Cory: Well, a couple of reasons, both personal and professional
- I’ve got kids. As every parent knows, there usually isn’t much free time for personal passions.
- My weekends are precious. That’s when I get away from work and get to spend time with the family doing things we love. I know that’s true for everyone, and I try to respect that by offering an adventure racing experience that doesn’t interfere with that time.
- Less conflict with other adventure races. Up here in the Pacific Northwest, there aren’t many other AR, but even then, not holding our races on the weekends means we aren’t a competitor, but rather an enabler and enhancer for the other races. This also allows us to escape the busy weekends of the summer time, with every obstacle course race, Ragnar, Rock N Roll half marathons, etc. that competes for athlete’s time and money
- Minimal barrier to entry – By putting the races on weekdays, I have to make them simple and easy. This makes them perfect for beginners and limits the gear needed.
ARHub: I see what you’re talking about. By maintaining such a simple race structure, it’s easy for people to show up with their bike and some running shoes and just race! And it serves as a great “on ramp” for people who are nervous about navigation and multisport races. Not to mention it helps us adventure racers scratch our AR itch. So let’s talk sustainability and growth. So many races tend to fall off after a couple of years due to lack of interest. How do you plan to ensure Krank doesn’t suffer the same fate?
Cory: Well, I have a couple factors in my favor. As you said, the simple formula for Krank races means my time commitment prior to the race is minimal. A week before the race, I set out the checkpoints (I use simple streamers, so they don’t stand out to regular park goers). Besides that, it’s some easy coordination with the park(s) involved, maybe reserving a gazebo to serve as the HQ. The minimal footprint doesn’t cost much, so my overhead is real low. This allows me to turn a profit on the races, paying for my time and keeping the races sustainable.
ARHub: It’s a great formula, for sure. Obviously, it doesn’t replace traditional ARs, but like you said, serves as an enhancer.
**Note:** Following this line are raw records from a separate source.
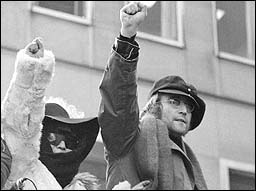 John Lennon and Yoko Ono join a protest on the streets of New York City.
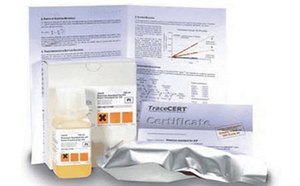 A collection of items related to analytical chemistry standards. It includes a bottle with a yellow label and several documents. One document is an accreditation document. Another paper shows printed graphs and text. The background is white and nondescript.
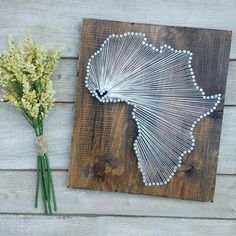 a string art piece next to some flowers on a wooden board with the shape of africa painted on it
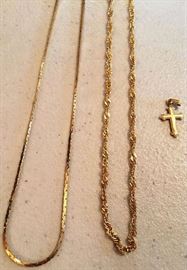 Lot 43: 14k yellow gold necklaces (2) together with 14k gold cross
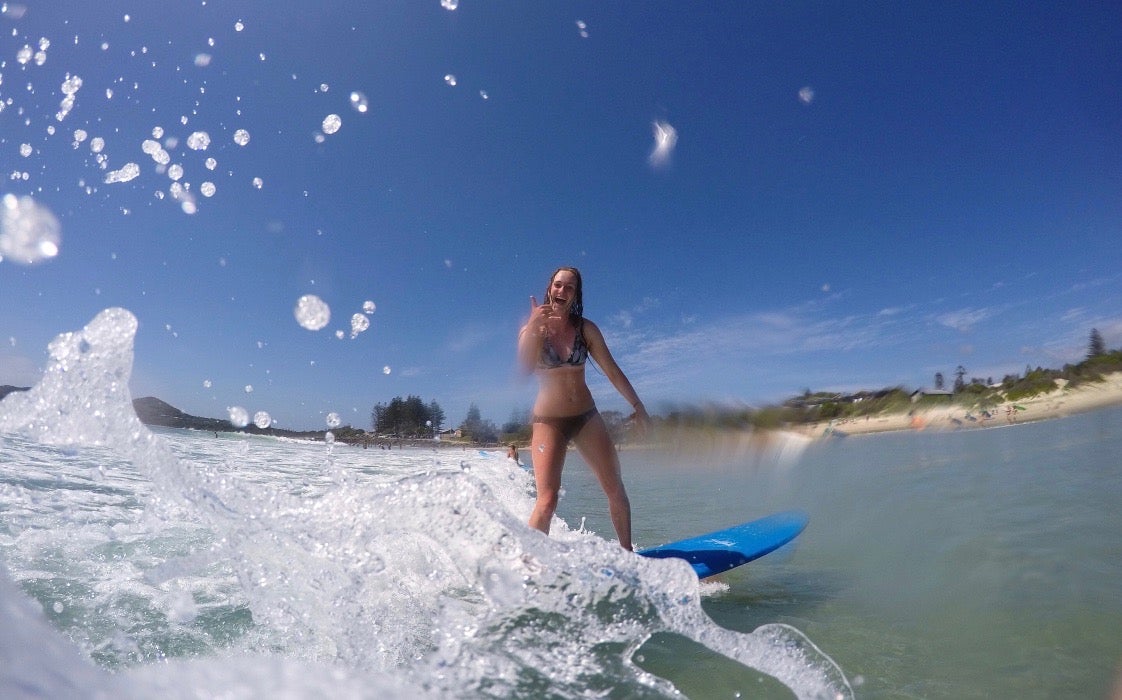 Meghan surfing 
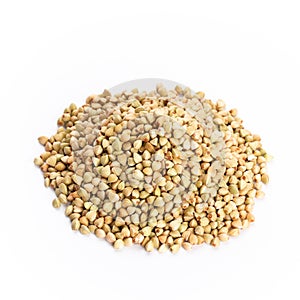 Heap of dried buckwheat seeds isolated on white background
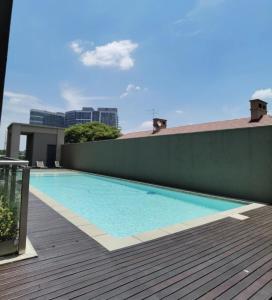 a swimming pool on the roof of a building at Love Luxe @ Sandton skye in Johannesburg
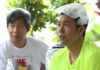 Hendra Setiawan with ice bag on his head.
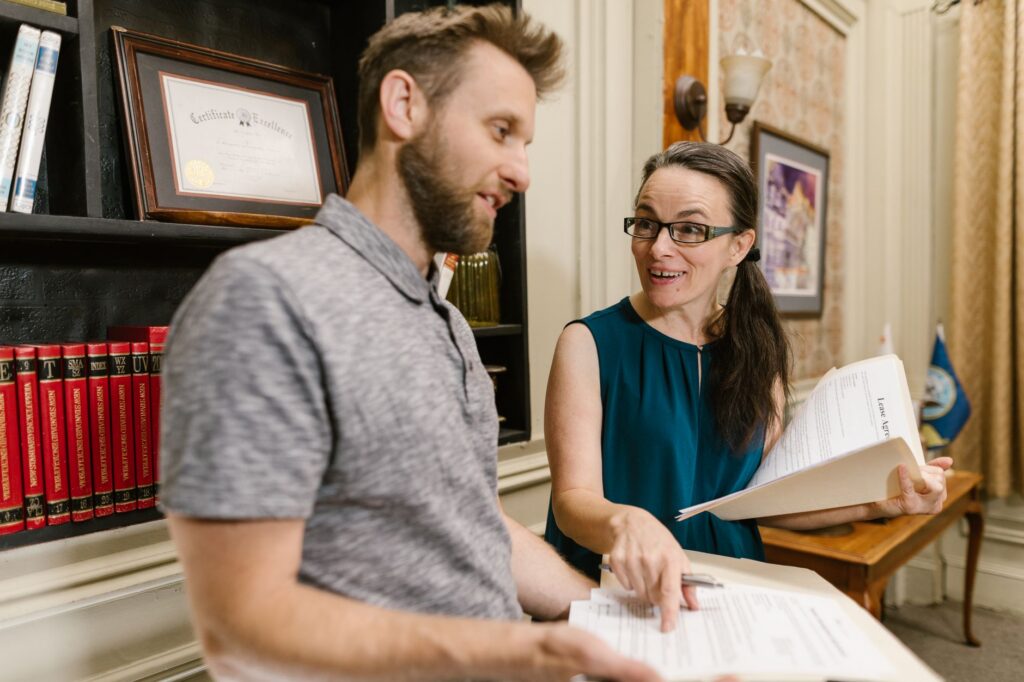 Business owner and attorney discussing business entity structure documents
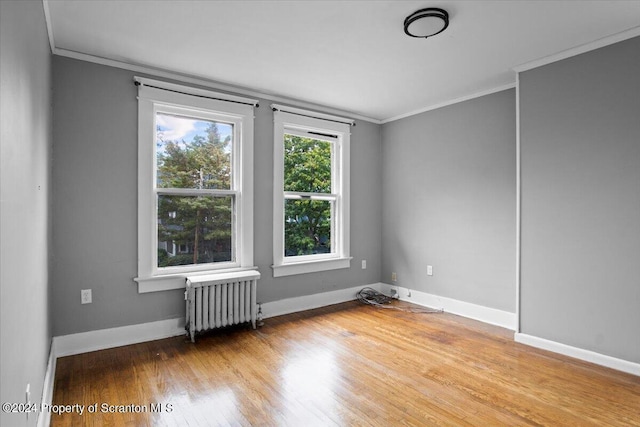 spare room with crown molding, radiator, and light hardwood / wood-style flooring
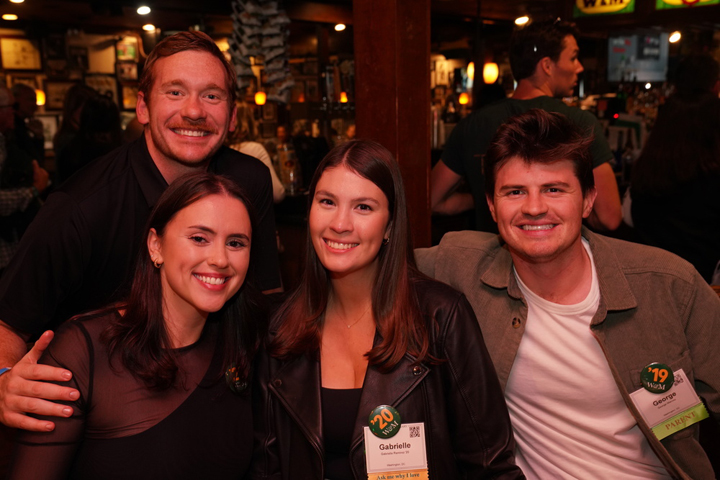 Four people pose for a photo together.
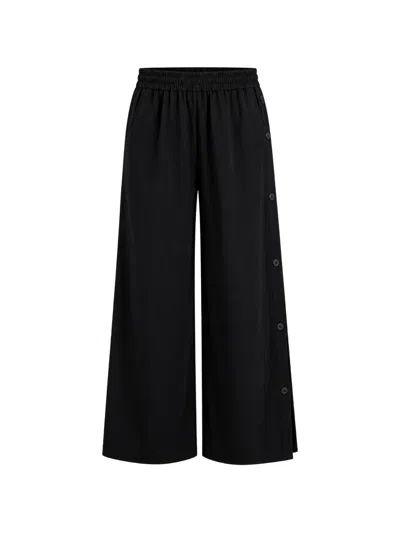Arlo Mott Baxter Side-buttons Trousers In Black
Maybe other race series can throw in a few week night races, so long as they’re in a major population area. So what about the traditional ARs? I know you put on a 12/24 hour race last year, but not one this year. Does Krank have an expansion plan?
Cory: Well, the long races are super time consuming, as every RD out there will tell you. We’ll see if I want to do another long one.
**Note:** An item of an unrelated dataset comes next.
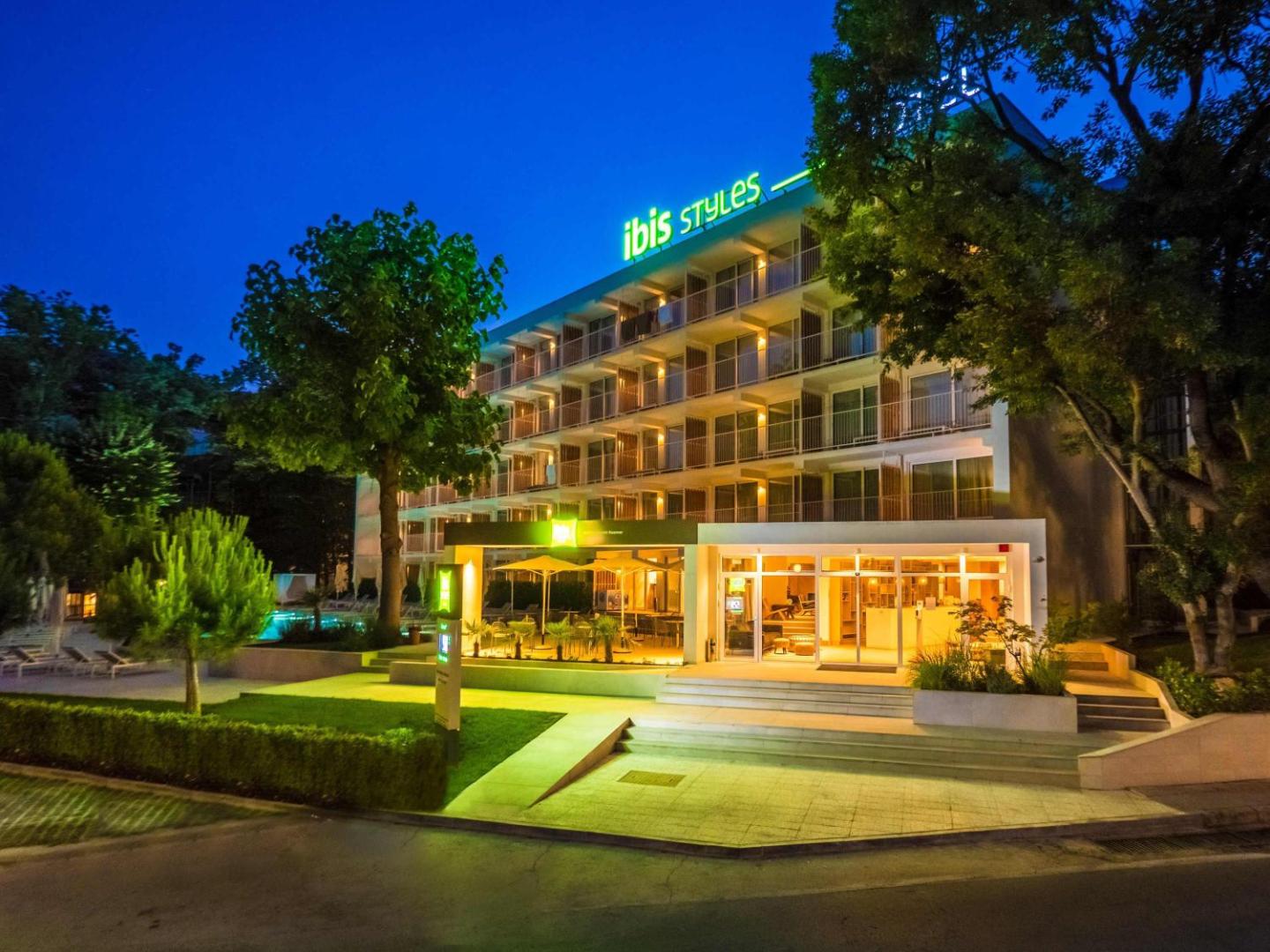 Ibis Styles Golden Sands Roomer viesnīcas ēka vakarā ar izgaismotu logo un ieeju kūrortā Zelta smiltis, Bulgārijā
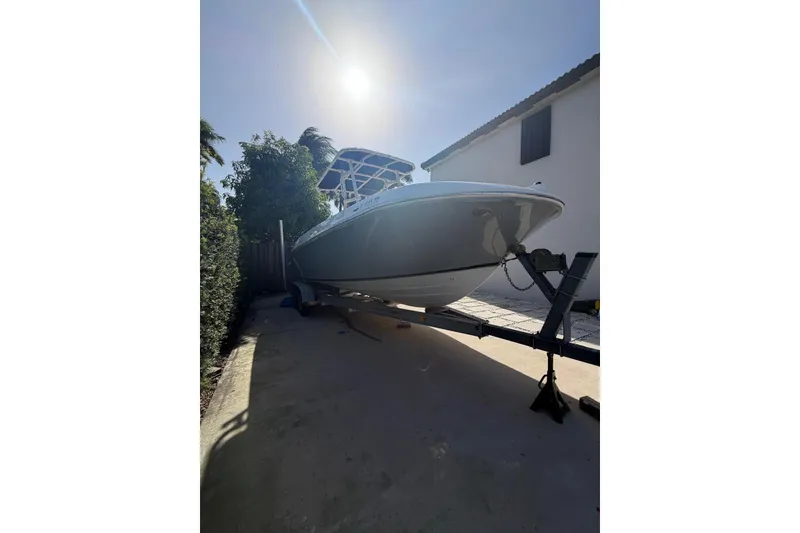 Slide: The Image of 2022 Trophy 2203 Center Console boat on trailer under bright sun. - 4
ARHub: So the main reason I started AdventureRaceHub.com was to help reduce one of the major pain points I saw the sport having – there wasn’t a reliable source for all races in North America. I got sick of searching old websites with data that hadn’t been updated in years. What do you think of the various issues facing adventure races and RD? Any suggestions for improving the sport?
Cory: Well, for me, one of the biggest heartaches was maps. So I built my own solution. I use Open Street Maps and combine it with Tile Mill for rendering. I’m super proud of the end result, I think they’re some of the very best maps you’ll find in adventure racing. In fact, a neighboring AR series is using me to help build better maps for their races. So if an RD is looking for help with maps, I’m available….
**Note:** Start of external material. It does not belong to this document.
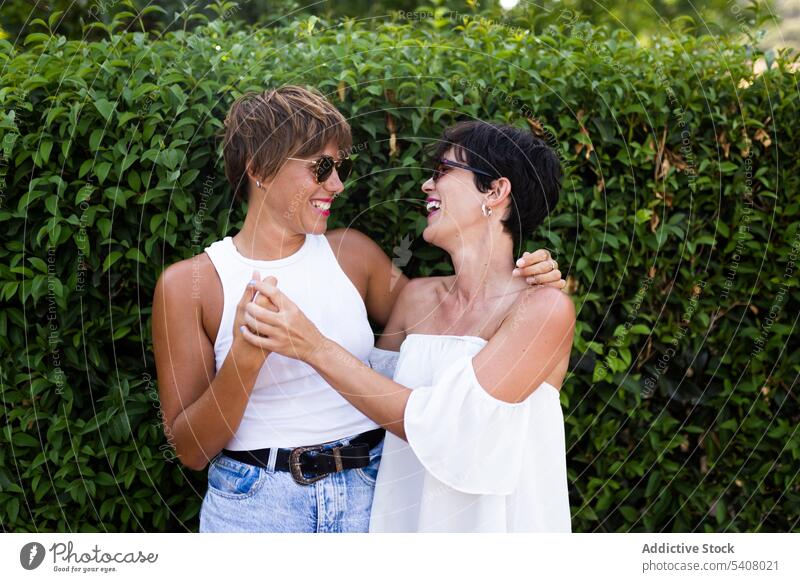 Candid female friends hugging in park best friend women friendship sincere smile adult embrace green friendly relationship glad summer joy optimist weekend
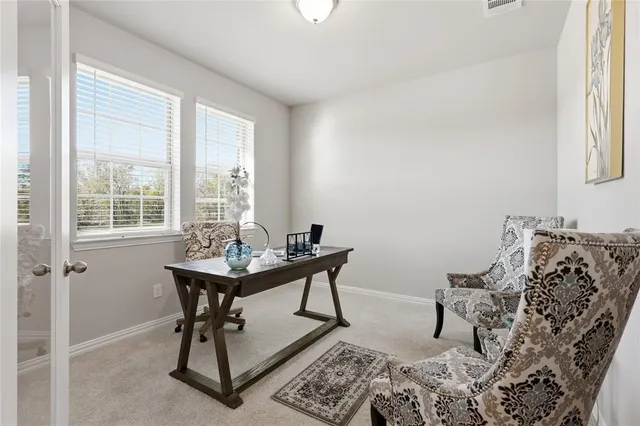 a view of a workspace with furniture and a window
ARHub: Ha! Fantastic! I’m all in favor of every adventure racer helping the support in their own little way. Everyone has a skillset that can contribute to the health of the support. Any closing remarks?
Cory: Well, I recommend to our RDs out there to focus on what you’re good at . If you like designing courses, do that. If you like marketing races, do that. But don’t waste time struggling with what you’re NOT good at – ask for help. Don’t let yourself get burnt out trying to solve problems that are way outside your scope. The AR community is fantastic and no one should feel afraid to reach out and ask others for help. If you need map help, give me a call, don’t waste hours that you could use doing something you’re better at. Reduce your pain points! Outsource!
ARHub: Well Cory, it was great talking to you. I look forward to seeing you in September, as I’ll be taking my wife to her very first race! Wish me luck!